Wednesday, October 23, 2013

Georeferencing: Ripley Springs

Ripley Springs exists as a name with multiple referents, and it seems to contain at least two parts: one 'urban' and one 'natural.'  It also seems to refer to the name of a person whom I have not been able to identify, but whose name would also seem to refer to Ripley Avenue in Egham, Surrey.  Ripley Springs as a label has been applied both to a suburb of Egham, and to a portion of forest, or copse, on the Royal Holloway University of London campus.  It is a marginal place-name that does not show up on many mapping sites I have checked, including Wikimapia, Geonames, Google Earth, OpenStreetMap (only the urban 'half' is referred to on OSM), and others.

Ripley means, according to the Cambridge Dictionary of English Place-Names, a strip-shaped wood or clearing (Old English 'ripel' + 'leah').  It does indeed contain both wood and clearing, as well as a pond at its top end.  The place-name Ripley Springs is mentioned several times in the RHUL master plan documents available online, mostly in terms of how (allegedly) underutilised the space is, especially in relation to other campus spaces.  From my vantage point, at the back of Queen's Building facing north, I can attest to how very utilised this space is by both wildlife and cats.  I have seen deer and fox frequenting Ripley Springs, and there is a cat that often comes through the forest to sit at the edge of the meadow beside Queen's, probably to hunt.

The campus plan suggests the inclusion of pathways around the back of Queen's Building that would both connect to the rest of campus, as well as lead pedestrians back to Egham if that is their intended destination. The legend I viewed showed potential pathways as 'medium' level usage (e.g. much lower than traffic levels seen in Canada Copse).  While I am sympathetic to increasing the usage of Ripley Springs (and perhaps it is a done deal, I don't know), there is something a bit more 'wild' about Ripley Springs that gives it an edge over Canada Copse, and perhaps that is its real value.  If we introduce people to Ripley Springs, the wildlife might be driven out, and it might also become a bit more of a 'managed' space.

However, this blog post is not a plea or a protest or a call to save Ripley Springs.  It is an observation upon a marginal place with a name that appears on many maps, but that appears not to really register in many of the more formal representations of place on the geoweb.  Again, this is why I like it, and part of me has always wanted to walk down through that forest, though what often stops me is the fact that I don't know whose back garden I will end up in.  Several of the trees I can see out my office window have brilliant colour reminiscent of the Canadian autumn, and a couple of the larger trees (oak I think) are quite majestic, framing parts of West London also visible (including Wembley).

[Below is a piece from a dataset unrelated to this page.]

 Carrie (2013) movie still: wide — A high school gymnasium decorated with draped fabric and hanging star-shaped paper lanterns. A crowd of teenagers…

As for the suburban iteration of Ripley Springs, its parts consist not only of Ripley and many other avenues, but the 'spring' aspect is repeated a couple of times, specifically in the road names Spring Rise and Spring Avenue.  So we have a forest, a clearing, and a residential area that are part of a small hydrological basin not far from the Thames.  It is an area whose natural side and image was one of the first I encountered upon arriving in the UK, and whose 'urban' side I walked through in order to get to my office.  The name came after I was already well acquainted with its referent.  Before the anchoring or attachment of name and referent in my mind, the forest and suburb were part of a vaguely defined, almost blurry sense of 'Egham-ness' or indeed 'English-ness,' undifferentiated.

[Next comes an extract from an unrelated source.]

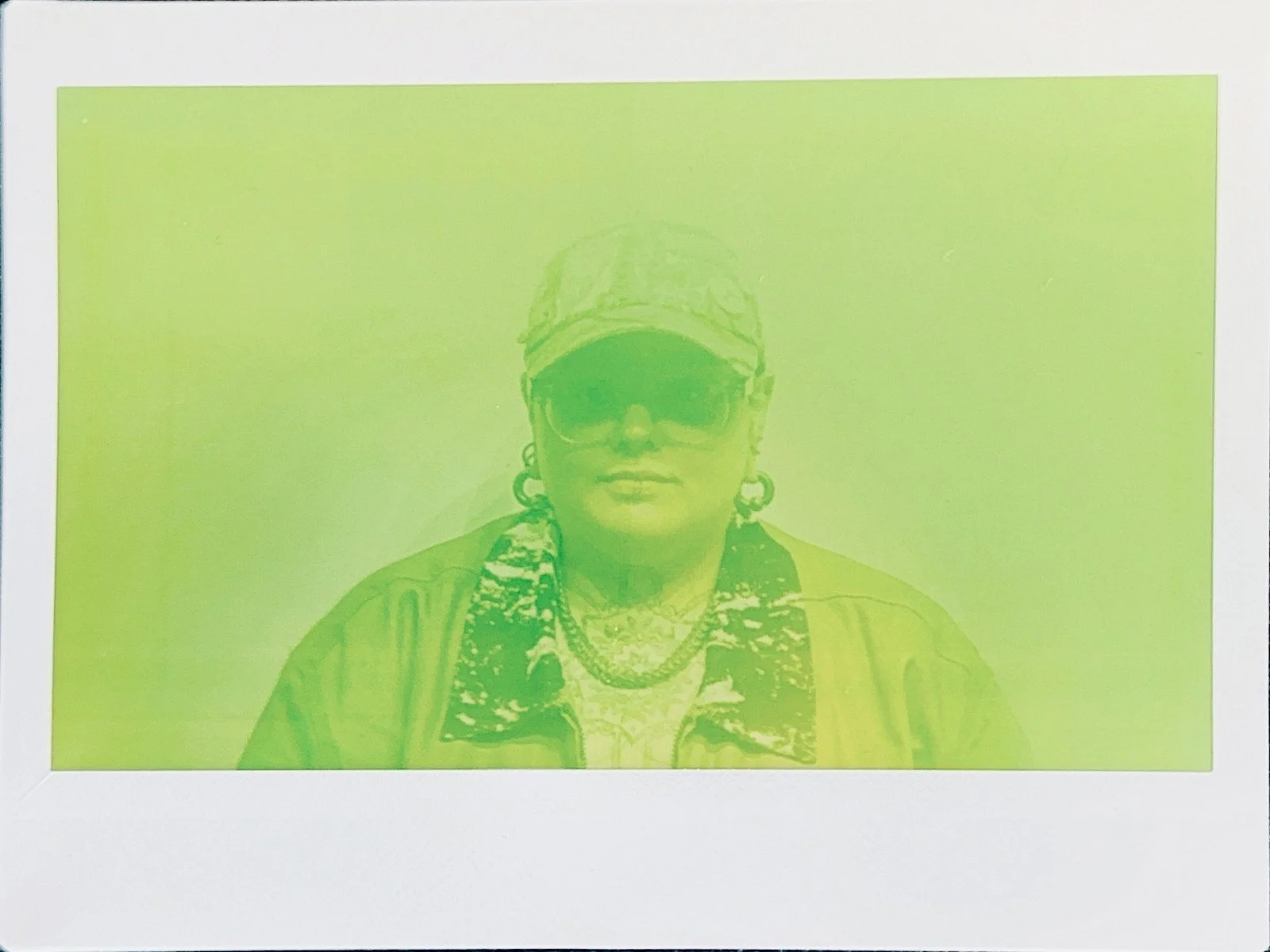 Polaroid photo of a woman wearing sunglasses, a hat, earrings, and layered clothing, displayed on a neon green background.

Now I look out at that section of the world every day, framed perfectly by one 'wing' of Queen's building on the left, and by the Wembley area of London on the right.  In between is an unbroken line of trees.  For a whole year, a very tall construction crane rose above the forest during the time that a residence was being built over on London Road/Egham Hill.  Luckily the building only rose to the level of the tall cedar hedge fringing a parking lot beyond, and the pond on this side.  My line of trees remains unbroken.